(Note: this is the second of a 10-part series listing my revised top 10 business planning mistakes. The list goes from 10, the least important, to 1, the most important.)
I’m guessing that the idea of doing a pitch – meaning a slide deck driving a presentation, about 20 minutes’ worth maximum – instead of a business plan is popular mainly because of a huge misunderstanding. People mistakenly think of a business plan as a big honking document, difficult to do, unwieldy, and off putting. So they want to do anything they can to avoid it. Then in walks somebody who ought to know better saying no, you don’t need to do the plan, just do a pitch.
A pitch without a plan to base it on is like a movie without a screenplay. It makes no sense. The pitch is summarizing the plan.

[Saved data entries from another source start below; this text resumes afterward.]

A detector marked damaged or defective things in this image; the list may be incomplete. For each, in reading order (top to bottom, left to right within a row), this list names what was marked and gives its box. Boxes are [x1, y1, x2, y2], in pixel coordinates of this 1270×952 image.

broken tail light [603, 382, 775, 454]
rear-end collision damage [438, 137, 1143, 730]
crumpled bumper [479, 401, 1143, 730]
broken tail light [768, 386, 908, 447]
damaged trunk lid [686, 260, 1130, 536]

Whether or not you show a plan document to anybody, whether that somebody sees the pitch and not the plan, the plan is your most recent take on what’s supposed to happen, and both the pitch and the document are outputs of the plan. A pitch slide deck summarizes a plan. It doesn’t stand alone.
In the angel investment group I’m a member of, we read summaries first, then watch the pitches that survived the first cut. But nobody gets serious interest without having a business plan, and a pitch without a plan shows up like a sore thumb. As soon as people start asking questions, the pitch alone doesn’t answer them.

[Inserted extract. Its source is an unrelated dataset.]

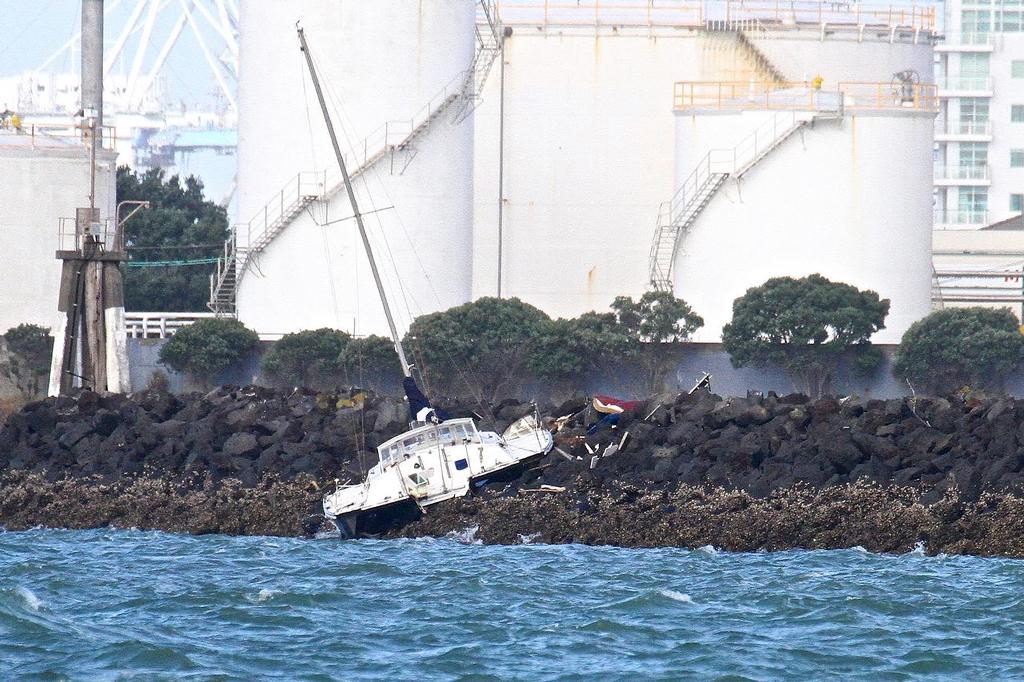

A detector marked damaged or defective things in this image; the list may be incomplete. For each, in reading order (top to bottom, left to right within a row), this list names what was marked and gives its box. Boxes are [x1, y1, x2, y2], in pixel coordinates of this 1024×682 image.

wrecked trimaran [296, 26, 552, 536] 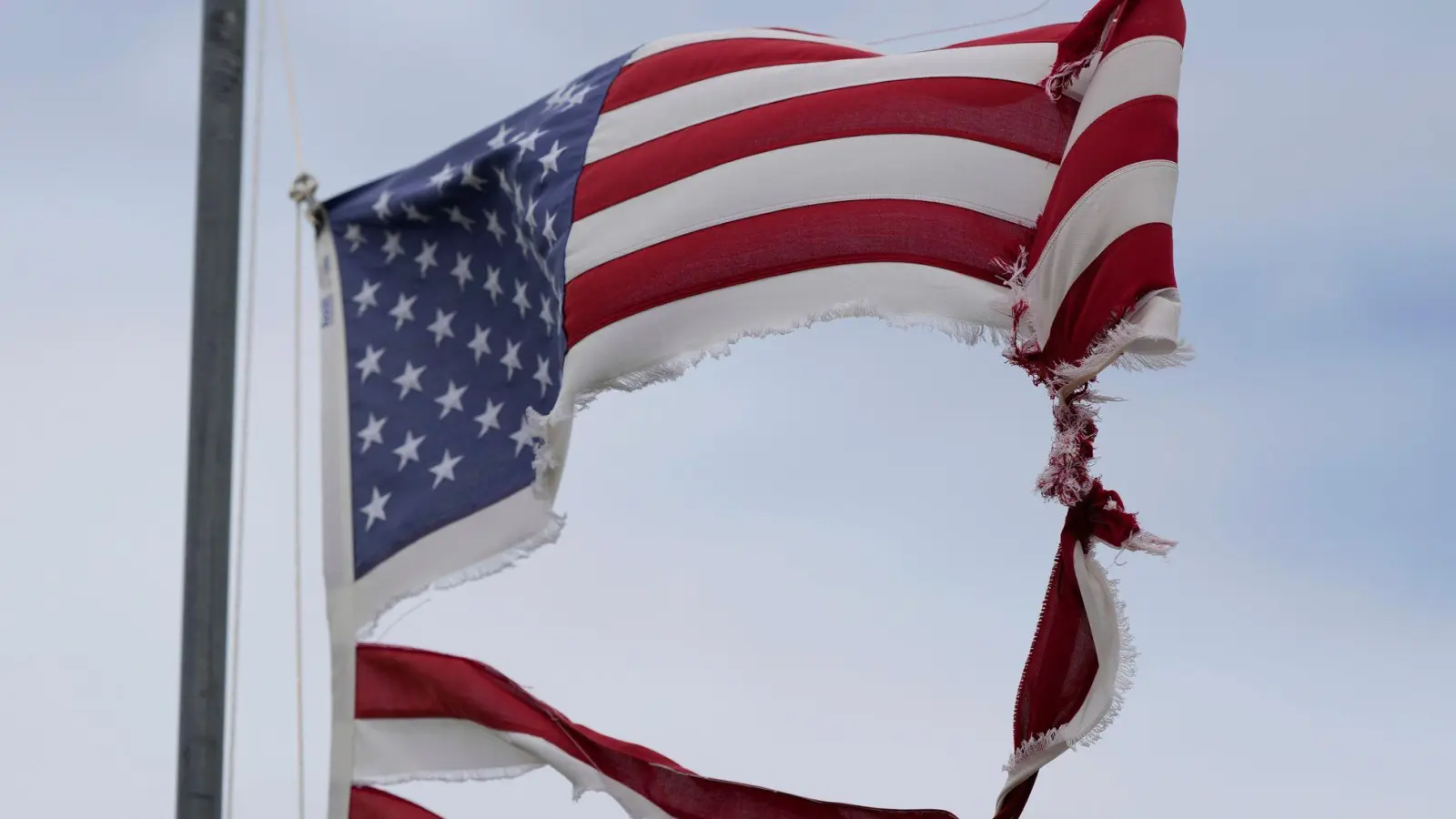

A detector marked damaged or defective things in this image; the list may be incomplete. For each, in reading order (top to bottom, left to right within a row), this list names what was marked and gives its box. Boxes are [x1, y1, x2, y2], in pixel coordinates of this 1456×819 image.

tattered american flag [313, 0, 1188, 810]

The plan itself isn’t a document, or a slide deck, or a memo; it’s what’s going to happen, and why. It’s a combination of strategy and specific steps to implement strategy. It makes the connections between the different functions and relationships in the business. And usually it lives on a computer.
Those documents, the pitch presentations, and the summary memos, even the elevator speech? Those are all just output of the plan.